Mais ce qu'il y a de certain, c'est que, si les gens s'habitueraient à modeler leurs actes sur ce qu'ils pensent, à ne plus subir ce qu'ils méprisent, à ne plus craindre ce qui n'a de force que par leur obéissance, à vouloir réaliser sérieusement ce qui est juste, ce serait la révolution en marche. Car si l'avachissement est contagieux, le courage ne l'est pas moins.

Oh, c'est évident, ce n'est pas du jour au lendemain que semblable ligne de conduite s'introduira dans les mœurs.

Pour que les individus en arrivent à être choqués de la contradictions de leurs actes avec leur façon de penser, il leur faut acquérir un cerveau mieux équilibré, une énergie morale peu commune. C'est à acquérir cela que doit viser la propagande faite, chaque pas de fait, facilitant le suivant.

La force ne peut être efficace qu'à condition d'être guidée par une volonté ferme, résolue, consciente, sachant ce qu'elle veut et où elle va. Cela est si vrai que, tant que les individus ne sauront pas faire respecter leur évolution eux-mêmes, ils en seront toujours à attendre leur émancipation d'hommes ou d'événements providentiels.
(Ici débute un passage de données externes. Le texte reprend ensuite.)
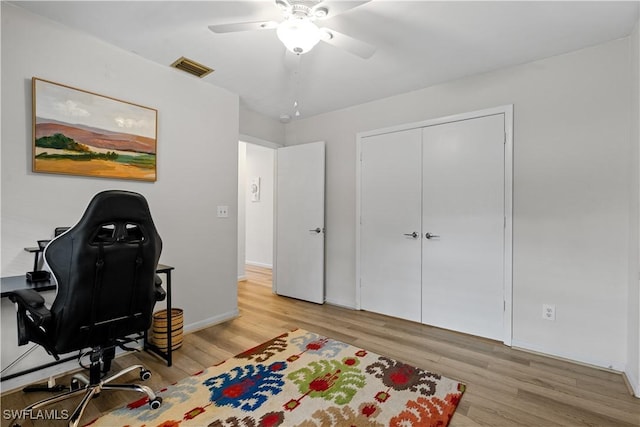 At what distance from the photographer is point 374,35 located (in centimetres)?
222

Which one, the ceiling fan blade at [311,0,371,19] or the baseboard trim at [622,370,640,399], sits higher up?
the ceiling fan blade at [311,0,371,19]

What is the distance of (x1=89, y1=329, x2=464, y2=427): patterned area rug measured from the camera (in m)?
1.68

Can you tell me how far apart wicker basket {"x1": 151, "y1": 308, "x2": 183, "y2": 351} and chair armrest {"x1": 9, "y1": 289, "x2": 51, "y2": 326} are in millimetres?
951

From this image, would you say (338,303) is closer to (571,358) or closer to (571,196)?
(571,358)

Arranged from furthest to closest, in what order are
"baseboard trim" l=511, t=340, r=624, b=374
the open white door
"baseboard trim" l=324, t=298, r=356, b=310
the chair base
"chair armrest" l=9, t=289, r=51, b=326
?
1. the open white door
2. "baseboard trim" l=324, t=298, r=356, b=310
3. "baseboard trim" l=511, t=340, r=624, b=374
4. the chair base
5. "chair armrest" l=9, t=289, r=51, b=326

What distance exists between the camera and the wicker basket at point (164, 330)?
8.11ft

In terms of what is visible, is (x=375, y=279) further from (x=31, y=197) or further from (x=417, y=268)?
(x=31, y=197)

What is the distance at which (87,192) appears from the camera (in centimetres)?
227

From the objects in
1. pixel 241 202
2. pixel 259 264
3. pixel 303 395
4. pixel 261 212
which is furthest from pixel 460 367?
pixel 261 212

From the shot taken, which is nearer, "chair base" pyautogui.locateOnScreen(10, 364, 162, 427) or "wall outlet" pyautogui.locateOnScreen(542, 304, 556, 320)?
"chair base" pyautogui.locateOnScreen(10, 364, 162, 427)

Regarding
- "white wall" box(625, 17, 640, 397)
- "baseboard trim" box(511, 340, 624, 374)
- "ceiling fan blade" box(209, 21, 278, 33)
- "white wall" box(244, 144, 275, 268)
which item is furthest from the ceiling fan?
"white wall" box(244, 144, 275, 268)

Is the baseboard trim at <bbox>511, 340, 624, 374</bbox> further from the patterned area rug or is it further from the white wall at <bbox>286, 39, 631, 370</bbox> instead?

C'est cette «propagande par le fait» que les anarchistes doivent savoir employer, qui est de tous les jours, et peut être acceptée par ceux qu'effraie la violence, beaucoup de ses actes ne comportant aucun caractère de violence.

Savoir se moquer des sarcasmes aussi bien que des menaces. Profiter de toutes les circonstances de la vie pour accorder ses actes avec sa façon de débarrasser d'un préjugé aujourd'hui, s'abstenant demain d'une pratique absurde imposée par la loi ou l'opinion publique, lutter toujours et sans cesse, selon ses forces, contre l'arbitraire du pouvoir, l'intolérance des individus, voilà de quoi exercer la volonté et l'énergie de chacun.

Et, sûrement, les résultats qui en découleront, se traduiront par la mise en pratique de quelques-uns des points de notre idéal que repoussent les ignorants, sous prétexte de leur «impraticabilité».